Das ist eine bittere Pille, welche Oculus da gerade schlucken muss. Der einstige Vorreiter von VR, das Unternehmen, das das Thema überhaupt erst aus seiner Leichenstarre zu erwecken vermochte, liegt in den reinen Verkaufszahlen völlig abgeschlagen auf dem letzten Platz. Als wäre dies nicht genug, häufen sich die Probleme rund um die Entwicklerfirma geradezu. Nicht nur wurde bekannt, dass die Oculus Rift Sensoren wie eine Webcam gehackt werden können, auch leiden einige Nutzer unter vermehrten Tracking-Problemen ihres Headsets. Und auch auf der wirtschaftlichen Seite steht es für Oculus nicht gerade zum Besten. Erst kürzlich unterlag das Unternehmen teilweise einem Rechtsstreit mit ZeniMax und die amerikanische Kette Best Buy schließt zahlreiche Anspielstationen, da schlicht keine Nachfrage besteht.
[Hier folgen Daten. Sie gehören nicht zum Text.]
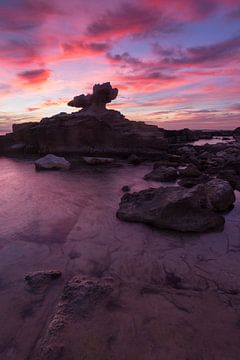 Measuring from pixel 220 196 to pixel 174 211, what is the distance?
9.37 feet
Bedeutet das nun das Aus für die Rift? Nein. Oculus kann sich dank der Übernahme durch Facebook auf die Sicherheit eines Geldgebers verlassen, der auf beinahe unbegrenzte finanzielle Ressourcen zurückgreifen kann. Bekanntlich ist auch Mark Zuckerberg ein großer Fan der virtuellen Realität und glaubt weiterhin fest an deren Erfolg. Nicht umsonst steht auch bei Facebook alles im Zeichen der Virtual Reality. 360-Grad-Videos und Bilder sind mittlerweile auch auf dem größten sozialen Netzwerk der Welt zu einer Alltäglichkeit geworden. Dennoch existiert noch lange keine VR-Variante von Facebook, welche Zuckerberg laut eigenen Aussagen jedoch anstrebt. Der Platz von sozialen Plattformen in VR wird bisher von verschiedenen Softwareherstellern gefüllt, welche in der Regel jedoch multiplattform und nicht Rift-Exklusiv sind.

Wo steht die Rift?

Die Rift hat es schwer auf dem Markt. Wer die hochwertigste VR-Erfahrung erleben möchte, der greift zur HTC Vive – welche zudem auch für Unternehmen immer interessanter wird. Wer auf dem Sofa sitzen und VR-Spiele genießen möchte, der nimmt mit der günstigeren Playstation VR vorlieb. Die darüberhinaus mit Resident Evil 7 einen richtigen Systemseller vorzuweisen hat. Und für eine kurze VR-Erfahrung zwischendurch ist die Gear VR perfekt geeignet- Zudem ist sie, dank ihres niedrigen Einstiegspreises, der perfekte Einstieg in VR.

Die Rift selbst sitzt hier zwischen den Stühlen. Sie kann weder das Raumtracking der HTC Vive anbieten, noch mit dem Preis der Playstation VR konkurrieren. Mit den Oculus-Touch-Controllern versucht das Unternehmen nun zwar eine immersivere Steuerung an den Mann zu bringen. Doch zum einen war die Vive hier auch schon früher da, zum anderen spielen manche Menschen noch immer lieber mit einem Gamepad. Die Rift wird ebenso wenig wie die Vive dazu geeignet sein, stundenlang durch Dungeons zu ziehen und Monster zu bekämpfen. Und das hat einen einfachen Grund: Es ist anstrengend. Es ist anstrengend ein Schwert zu halten und sich mit diesem den Angriffen finsterer Schurken zu erwehren. Diese Art von Spiel ist für viele Spieler ein nettes Gimmick, welches sich in der Praxis jedoch kaum durchsetzen wird. Und während die HTC Vive dank des Raumtrackings auch für Unternehmen interessant bleibt, liegt die Rift auch hier abgeschlagen zurück.

Das Vermächtnis

Die Rift trägt zwar das Vermächtnis VR wiederbelebt zu haben. Doch mittlerweile haben sich auch andere des neuen Kindes angenommen und verstehen ihre Kundschaft zuweilen besser. Kein Wunder, denn hinter der Vive steht Steam und hinter der Playstation VR das gigantische Unternehmen Sony. Oculus kann kaum auf solch ein Know-How zurückgreifen und auch Facebook hat wenig Erfahrung darin, dem Konsumenten etwas zu verkaufen.

Die Oculus Rift wird jedoch nicht sterben. Allein schon nicht, weil Facebook alles versuchen wird aus VR kein Minusgeschäft werden zu lassen. In der virtuellen Realität steckt ein riesiges Potential, welches die anderen Anbieter bisher einfach besser für ihre Zielgruppe nutzen konnten. Hier muss Oculus noch nachbessern – sie brauchen eine schärfere Vorstellung ihrer Nutzergruppe und Anwendungen, die die Wünsche der Nutzergruppe erfüllen. Wenn ihnen das gelingt, könnte sich die Oculus Rift wieder an die Spitze kämpfen.